There is something about the idea of families on relief having bank accounts, however vestigial, that the public cannot apparently endure. The rare case of some slick rascal who gets his family on relief while he still keeps his own sizeable hoard intact is always good for newspaper headlines if not for a public scandal. It is this occasional grafter who is responsible for the rigidity of rules which “just don’t make sense” and which, in the opinion of those close-in to their administration, work unnecessary humiliation on numbers of sincere, self‑respecting people helpless in the cogs of the great relief machine.

Take for instance the rule in an up-state New York city. If a family has “fraudulently obtained aid,” — and that literally construed means concealing any bank account whatsoever — the City Court will order the head of the family to reimburse the Department for whatever amount of relief the family received, but the head of the family may be given the alternative of serving time in the penitentiary. In either event, after the head of the family makes restitution in cash, which exhausts his resources, or if he goes to prison leaving the family without adequate support, the Department is still liable for the support of the family.

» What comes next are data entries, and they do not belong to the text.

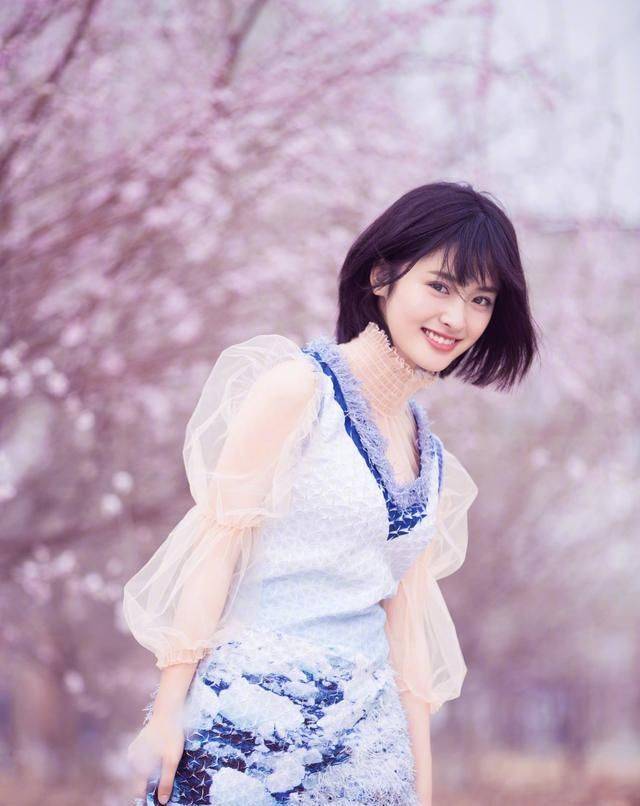 仙女 明明都是泡泡袖, 鞠婧祎杨超越穿成小仙女, 有的人却尴尬显胖?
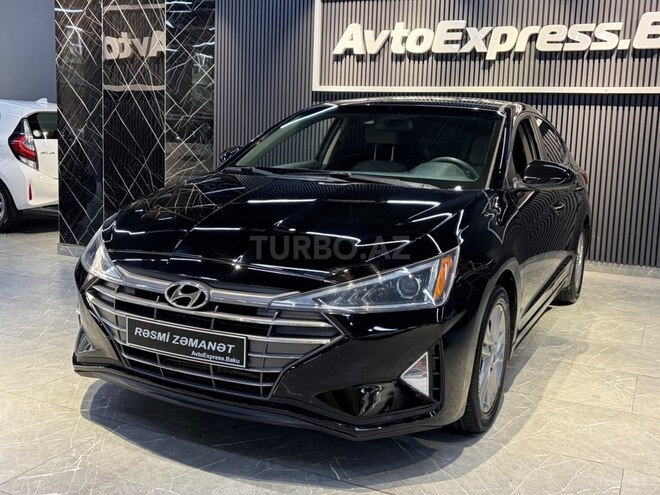 Hyundai Elantra-10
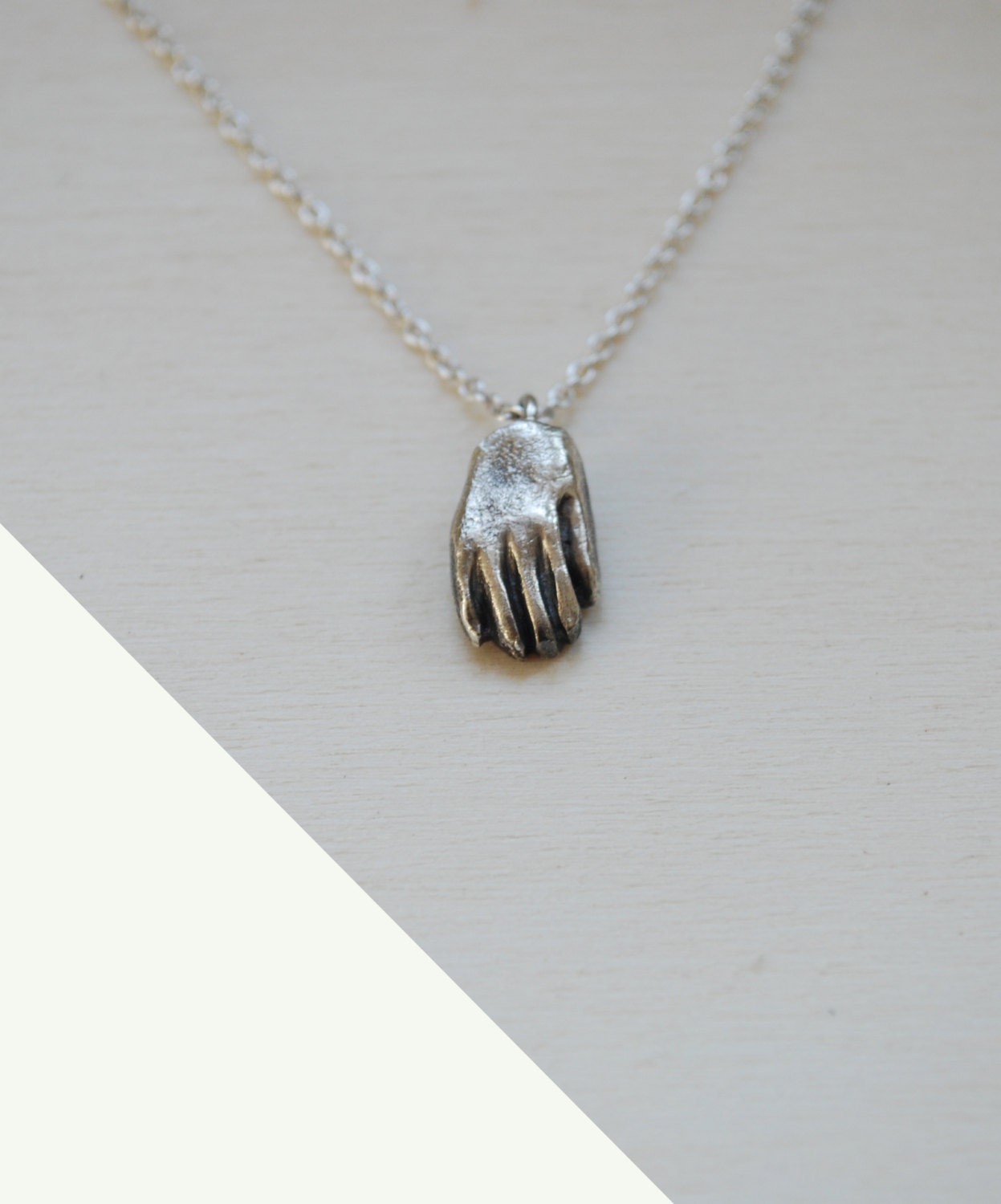 Desi Halskette | Eco Sterling Silber Hand Talisman Anhänger Weihnachtsgeschenk Für Sie Zubehör Kaltes Wetter Desi Halskette | Eco Sterling Silber Hand Talisman Anhänger Weihnachtsgeschenk Für Sie Zubehör Kaltes Wetter von Illustrationist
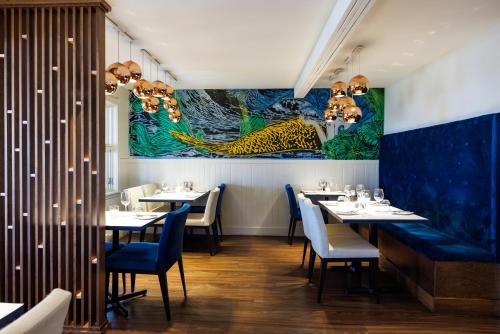 Restaurant, Hotel Les Trois Soeurs in Perce (QC)
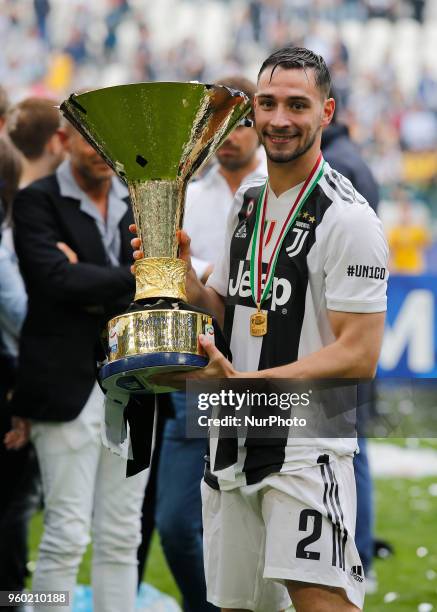 Mattia De Sciglio during serie A match between Juventus v Verona, in Turin, on May 19, 2018 .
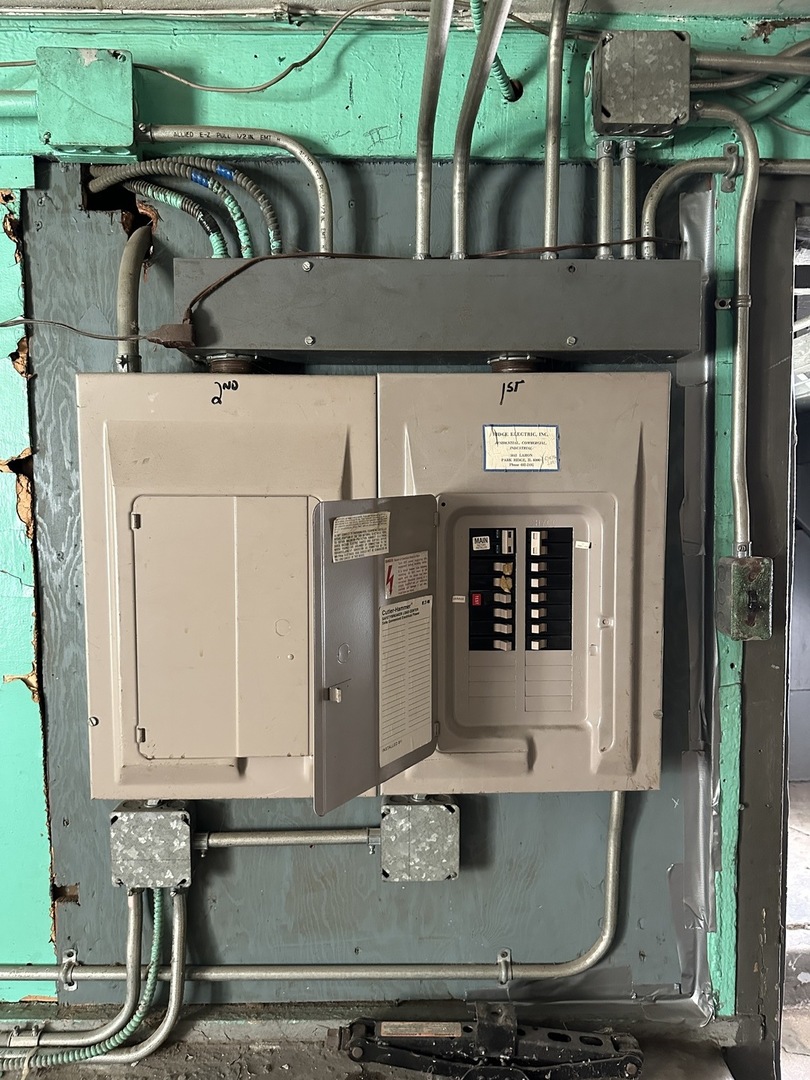 2712 N Oak Park Avenue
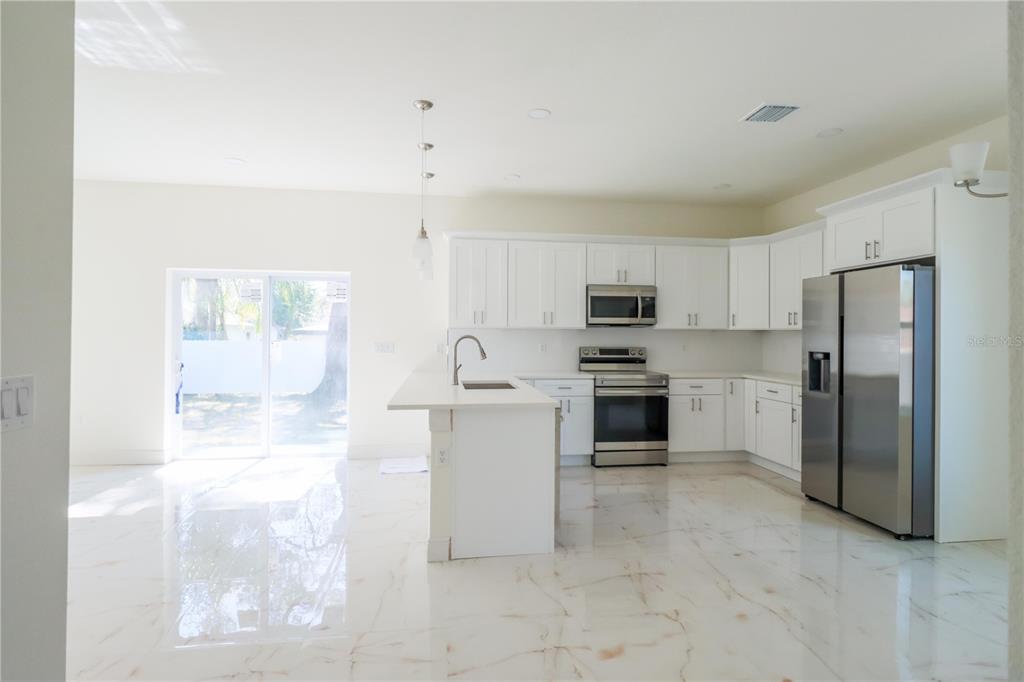 2115 E NEDRO RD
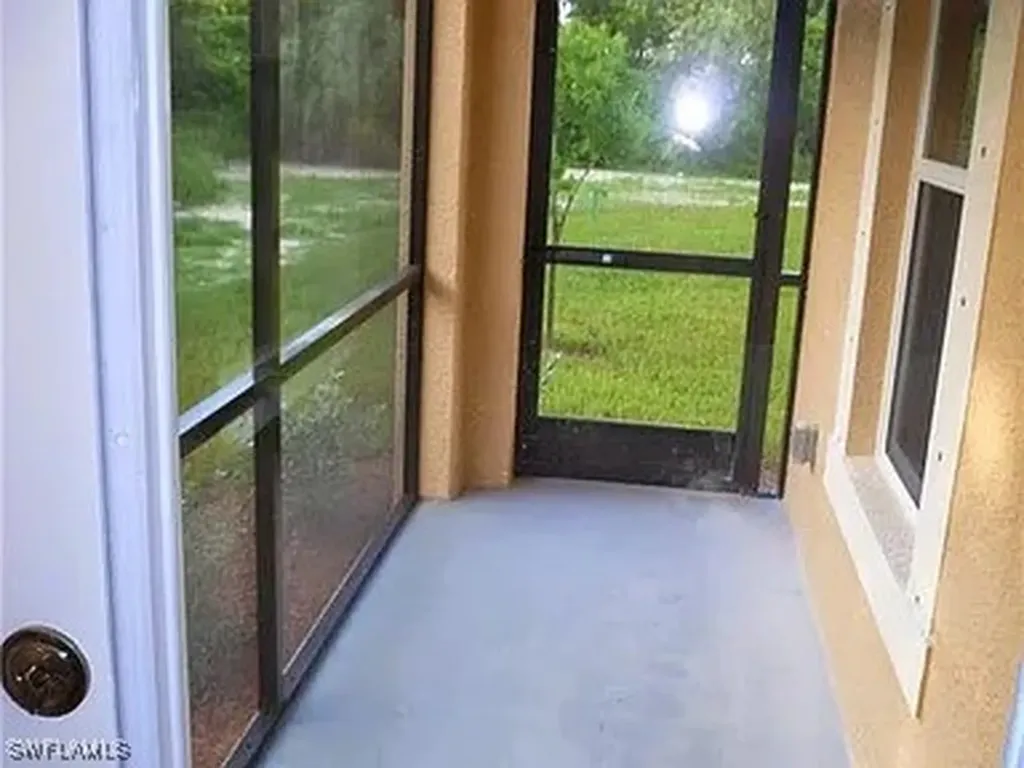9226/9230 Tangelo Boulevard Fort Myers FL 33967
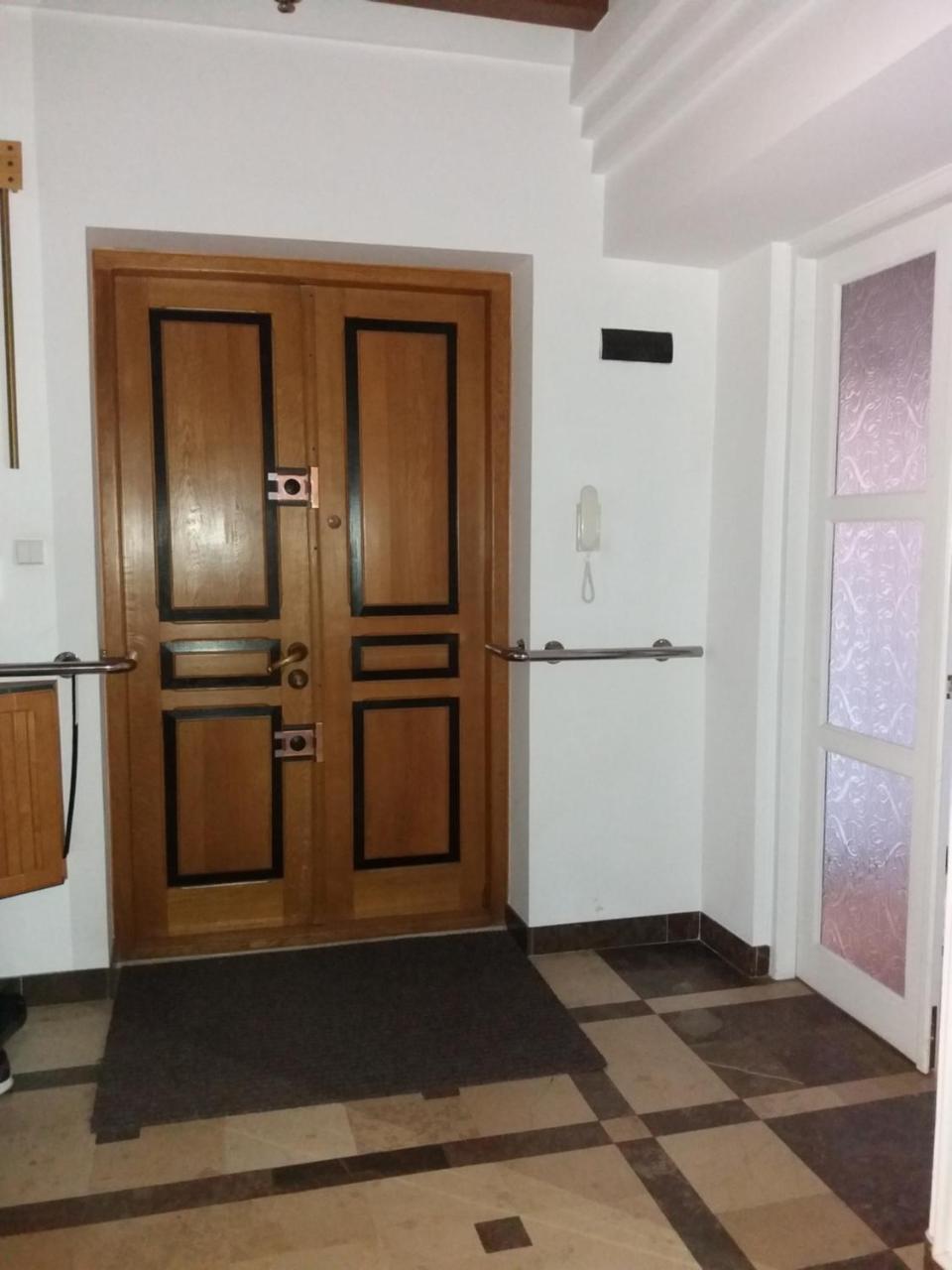 Wood Stara Ochota Privat overnatting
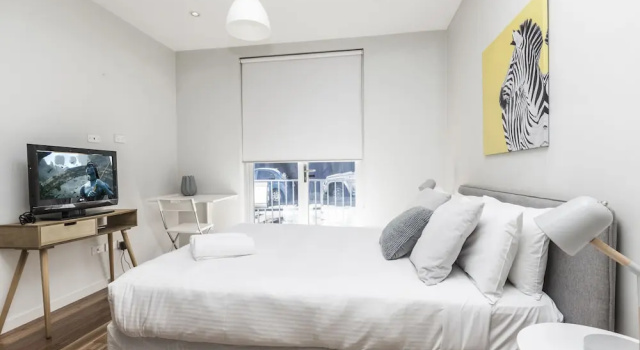 Modern Studio Close to Sydney Uni and Hospital, Забронировать Апартаменты/квартира Станмор Новый Южный Уэльс
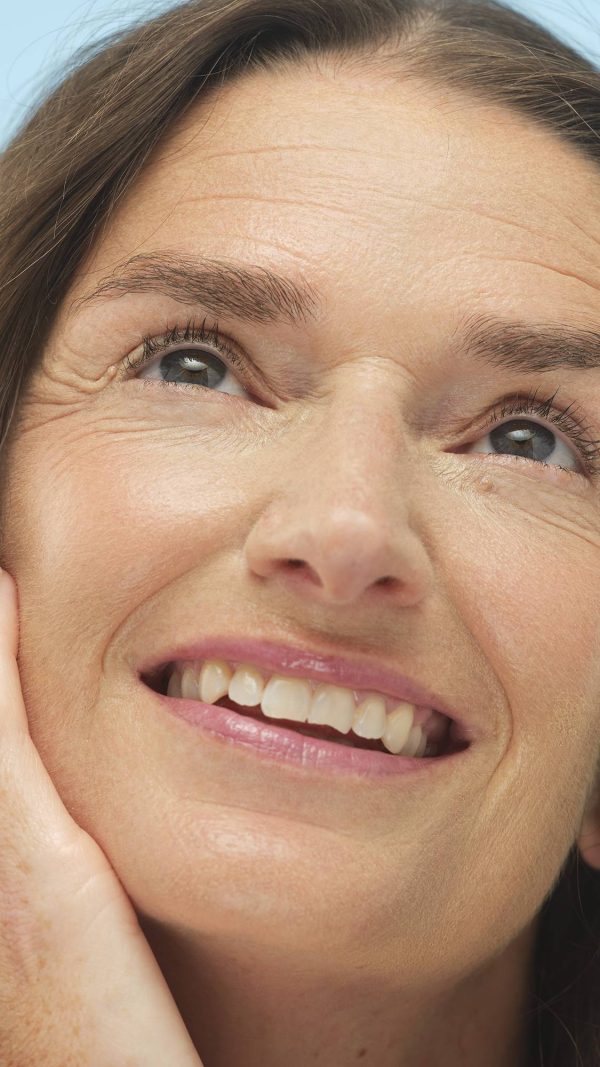 Light Medium Warm Beauty Balm Buildable, satin-finish coverage with yellow undertones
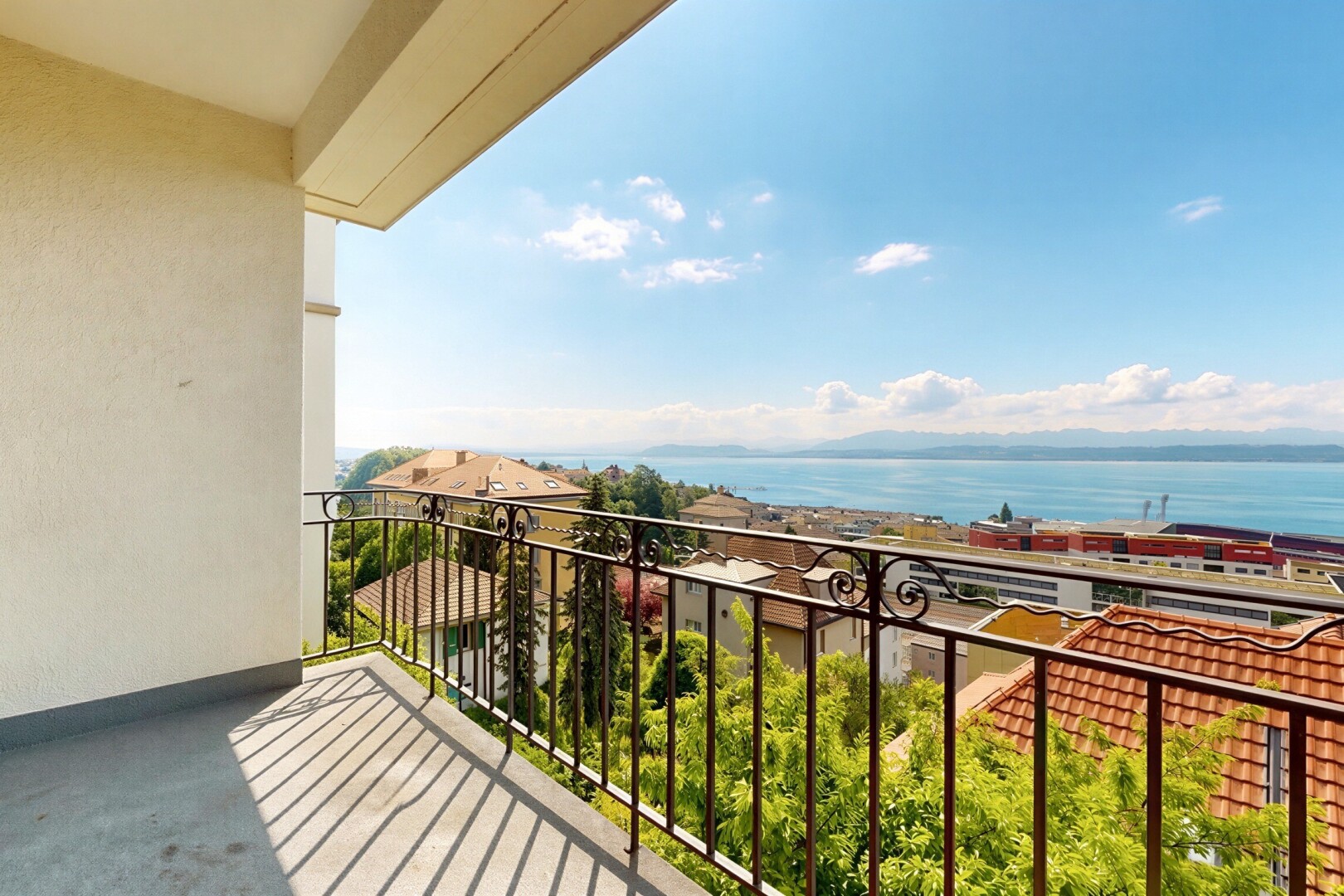balcon avec from property, balcon, et overcast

Home visit by a worker to develop a financial plan with a client.
Home visit by a worker to develop a financial plan with a client. Library of Congress (1939)

The application of this rule to the Martin family would have obliged Mr. Martin to hand over his residual $23.47 to the public department or go to jail, though in neither case would it have made the slightest difference to the status of his family on the relief roll. Its one accomplishment would have been to turn the knife in the wound of his humiliation.

“We do not quarrel with the principle that families should use their own resources before they ask for public aid,” said the supervisor of a big city district with twenty years of case work behind her. “We believe that the principle should stand and the application be a matter of adjustment to the individual case. If our families knew in the beginning that this was a principle to be applied reasonably and not as a rigid rule they would have much less incentive to lie about the last remnant of their savings and we should be able to establish a much better relationship with them. But since we have the rule on the books, the best we can do is to make the inquiry and the subsequent check-up on bank accounts as routine and business-like as possible.

“We try our best to have our investigators avoid pressure and veiled threats where they suspect hidden resources, while they explain that in the present situation relief cannot be given while resources remain and that just as an employer checks up on references or a store on its charge accounts, we must ask their statements. It’s all just as straight and simple and direct as we can make it, and nine times out of ten the client meets its on that ground.

“We check every application by virtue of a highly confidential arrangement with the banks — and that, if you please is an anomaly that I won’t dwell on now — and, though it goes against my grain, I’m inclined to think that, in a relief operation as wholesale as this one, it is a good procedure.

“Of course, the overwhelming majority of the applicants haven’t and never had a bank account, but this routine check-up has uncovered two or three instances of just plain intent to defraud, and a few more where the bank balance was still substantial enough to keep the family going a little while longer. There have been enough of these to indicate that the lists should be checked. The puzzlers, however, are the tiny balances, anything from two dollars up to fifty, according to the standard of the family, that represent a last shred of security and that are so blindly and often stubbornly clung to that to force them out is to put a family into complete panic.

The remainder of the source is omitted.